- [Exercise brief] Task for the records below: copy exactly from the first line on, stopping once the line with "The Hittites and" is copied, and leave out the pictures.
----- Input -----
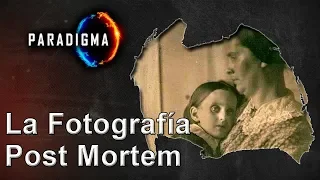 031 LA FOTOGRAFÍA POST MORTEM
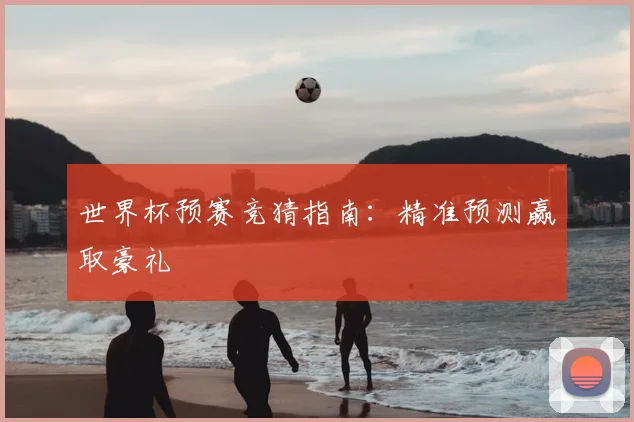 世界杯预赛竞猜指南：精准预测赢取豪礼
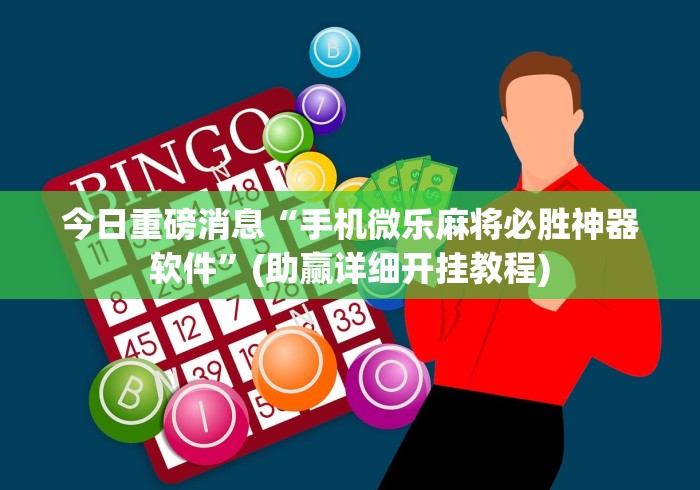 今日重磅消息“手机微乐麻将必胜神器软件”(助赢详细开挂教程)
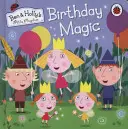 Ben és Holly kis királysága: Holly Holly: Születésnapi varázslat - Ben and Holly's Little Kingdom: Birthday Magic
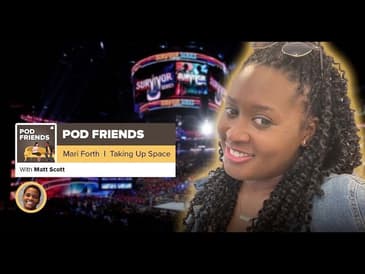 Pod Friends | Mari Forth: Taking Up Space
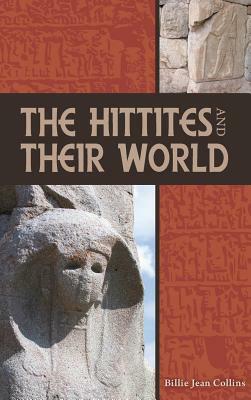 The Hittites and Their World by Billie Jean Collins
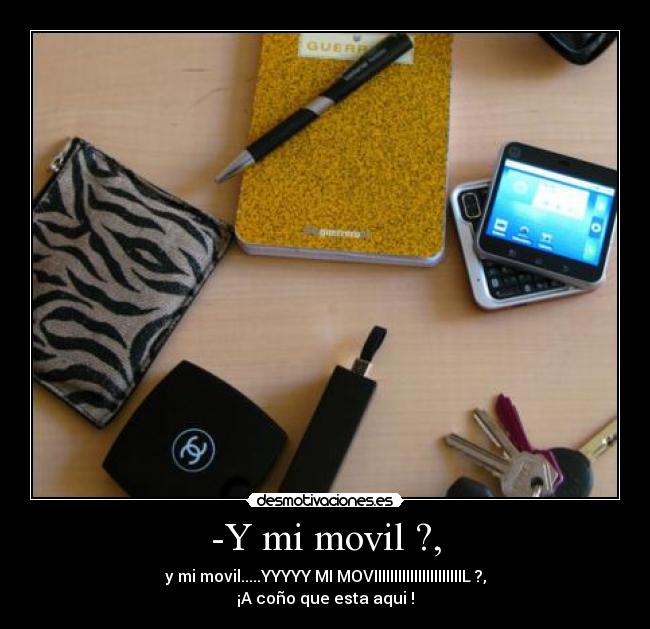 -Y mi movil ?, - y mi movil.....YYYYY MI MOVIIIIIIIIIIIIIIIIIIIIIIL ?,
¡A coño que esta aqui !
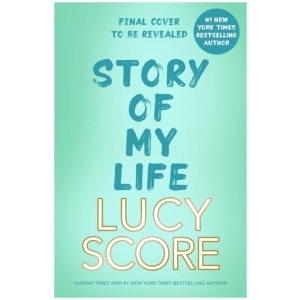 Story Of My Life: A perfectly sweet and spicy, fake-dating small-town romance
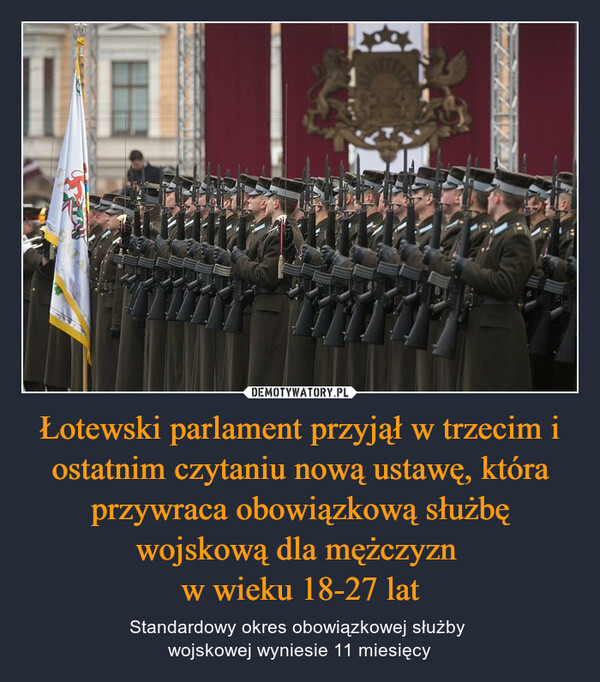 Łotewski parlament przyjął w trzecim i ostatnim czytaniu nową ustawę, która przywraca obowiązkową służbę wojskową dla mężczyzn w wieku 18-27 lat – Standardowy okres obowiązkowej służby wojskowej wyniesie 11 miesięcy Osse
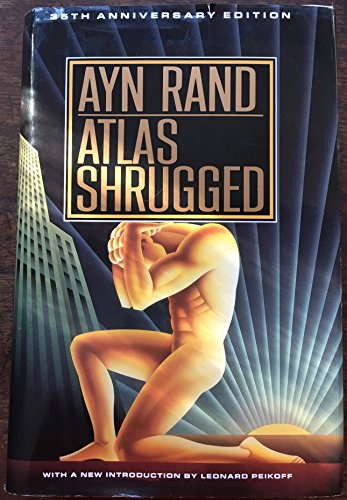 Atlas Shrugged: 35th Anniversary Edition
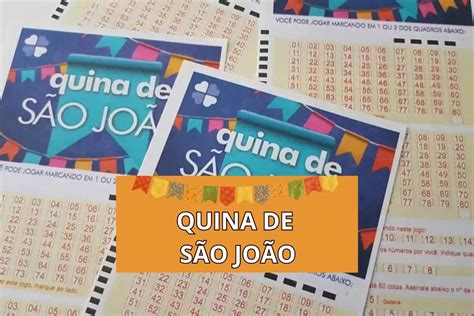 A Quina De São João Corre Que Dia - Até que dia pode jogar na Quina de São João 2023? | DCI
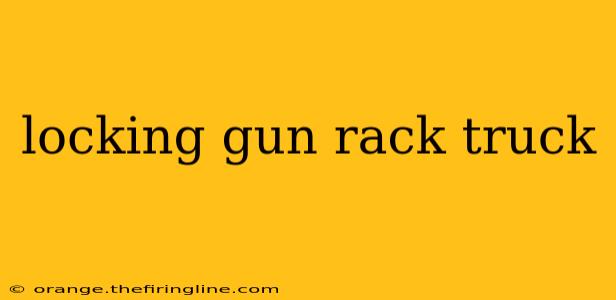 locking gun rack truck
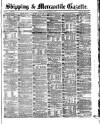 Shipping and Mercantile Gazette Saturday 28 May 1870 Page 1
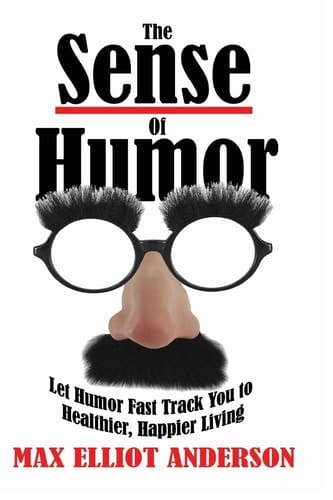 The Sense Of Humor Let Humor Fast Track You to Healthier, Happier Living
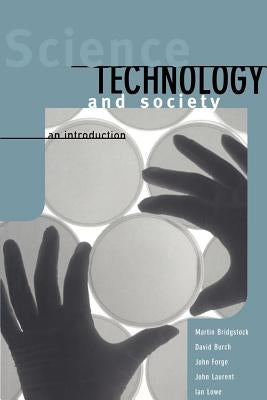 Science, Technology and Society: An Introduction by Bridgstock, Martin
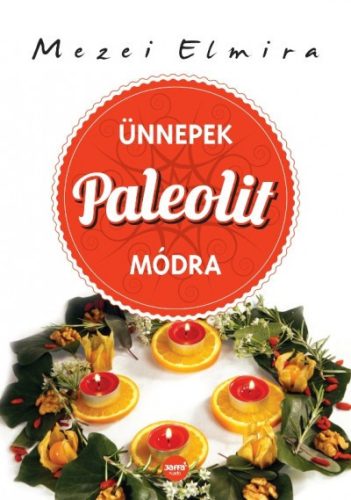 Mezei Elmira: Ünnepek paleolit módra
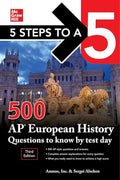 5 Steps to a 5: 500 AP European History Questions to Know by Test Day, Third Edition - Paperback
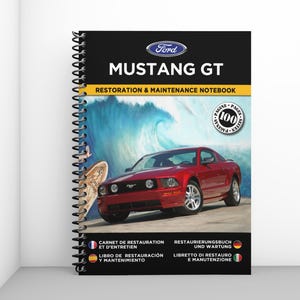 FORD MUSTANG GT: Restauratie- en onderhoudslogboek - 100 pagina's - A4 - Gratis verzending met Mondial Relay + verrassingscadeau!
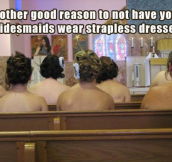 Bridesmaids dress fail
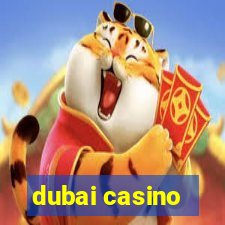 dubai casino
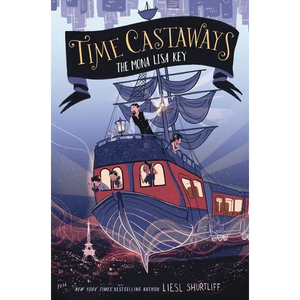 Time Castaways #1: The Mona Lisa Key - Paperback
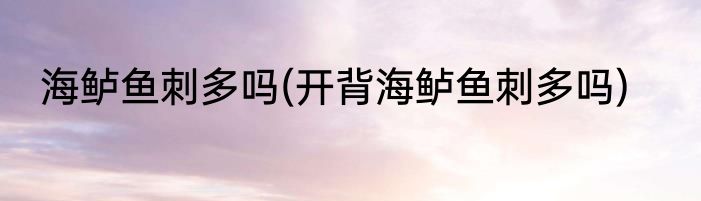 海鲈鱼刺多吗(开背海鲈鱼刺多吗)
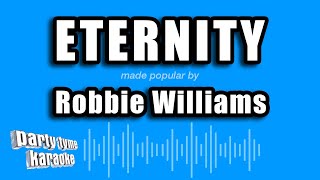 Robbie Williams  Eternity Karaoke Version [upl. by Salsbury]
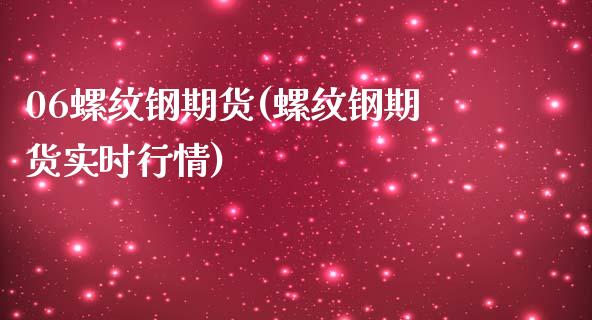 06螺纹钢期货(螺纹钢期货实时行情) (https://www.njaxzs.com/) 期货行情 第1张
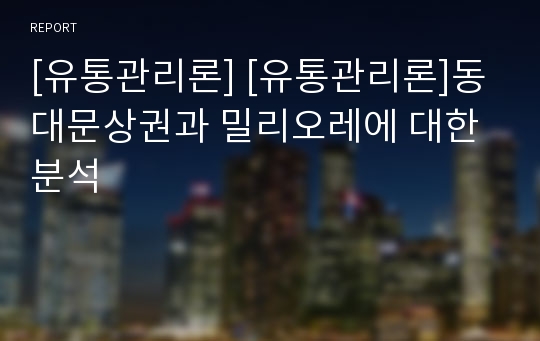 [유통관리론] [유통관리론]동대문상권과 밀리오레에 대한 분석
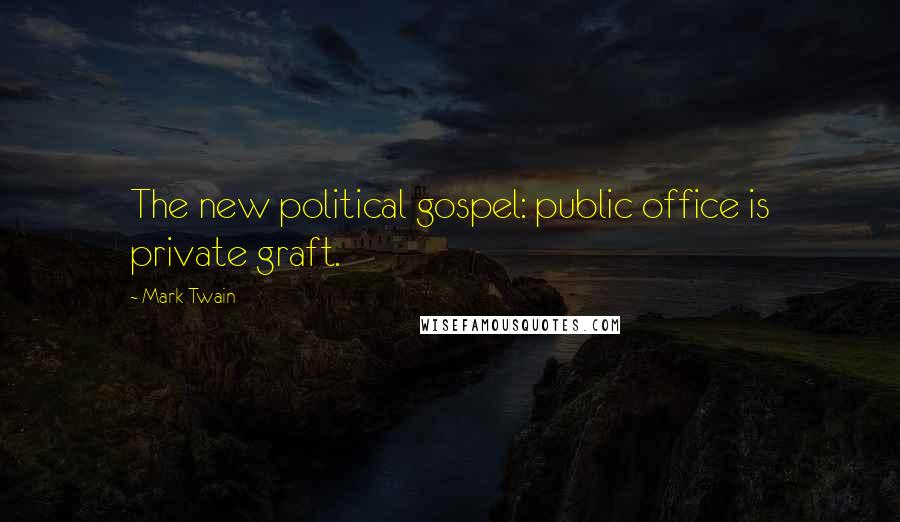 Mark Twain Quotes: The new political gospel: public office is private graft.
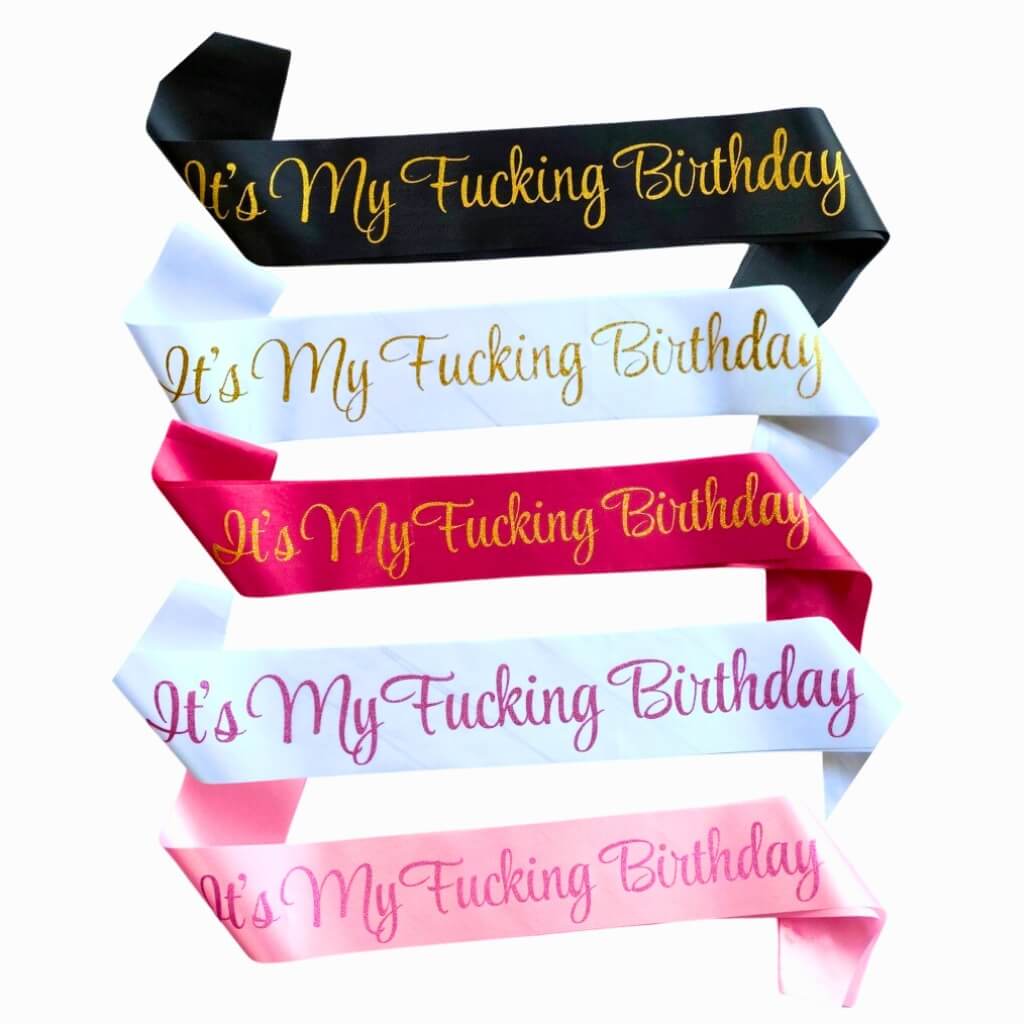 Multicoloured Glitter 'It's My Fucking Birthday' Sash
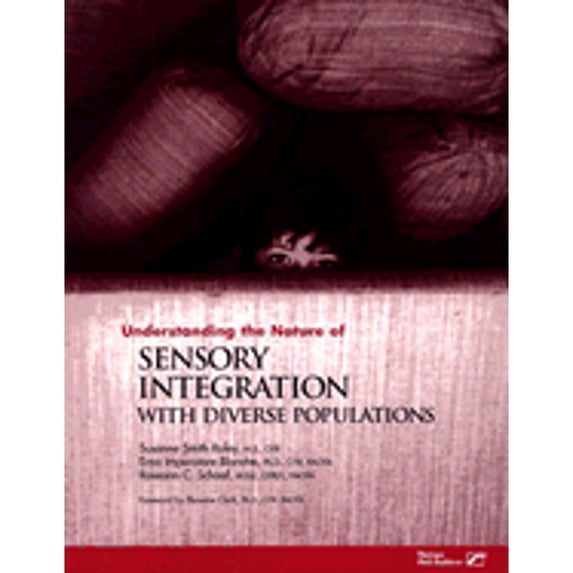 Pre-Owned Understanding the Nature of Sensory Integration With Diverse Populations, 9780761615156, 0761615156, Paperback, 1 edition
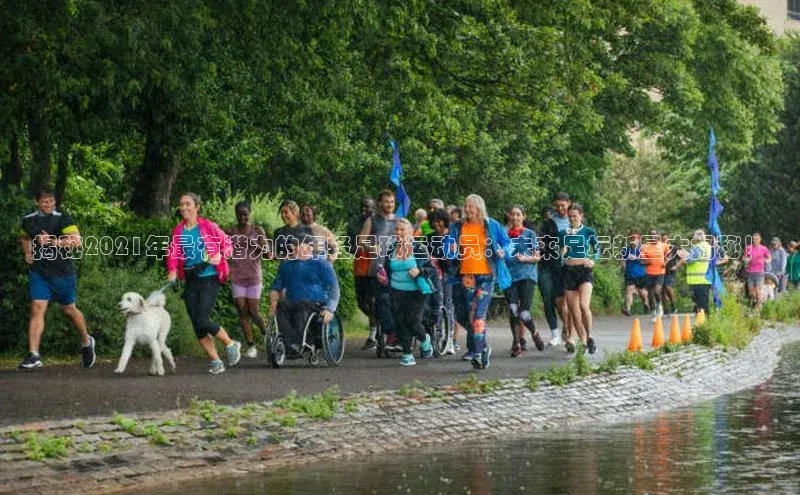 非凡官网登录入口视觉中国揭秘2021年最有潜力的年轻足球运动员：未来足坛新星大揭秘！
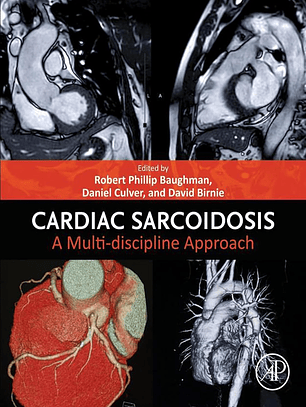 Cardiac Sarcoidosis: A Multi-discipline Approach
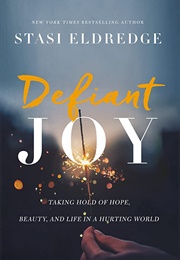 Defiant Joy (Stasi Eldredge)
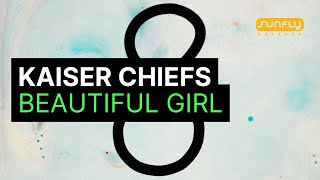 Kaiser Chiefs - Beautiful Girl - Karaoke (edit)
-----
- [Response area]
 031 LA FOTOGRAFÍA POST MORTEM
 世界杯预赛竞猜指南：精准预测赢取豪礼
 今日重磅消息“手机微乐麻将必胜神器软件”(助赢详细开挂教程)
 Ben és Holly kis királysága: Holly Holly: Születésnapi varázslat - Ben and Holly's Little Kingdom: Birthday Magic
 Pod Friends | Mari Forth: Taking Up Space
 The Hittites and Their World by Billie Jean Collins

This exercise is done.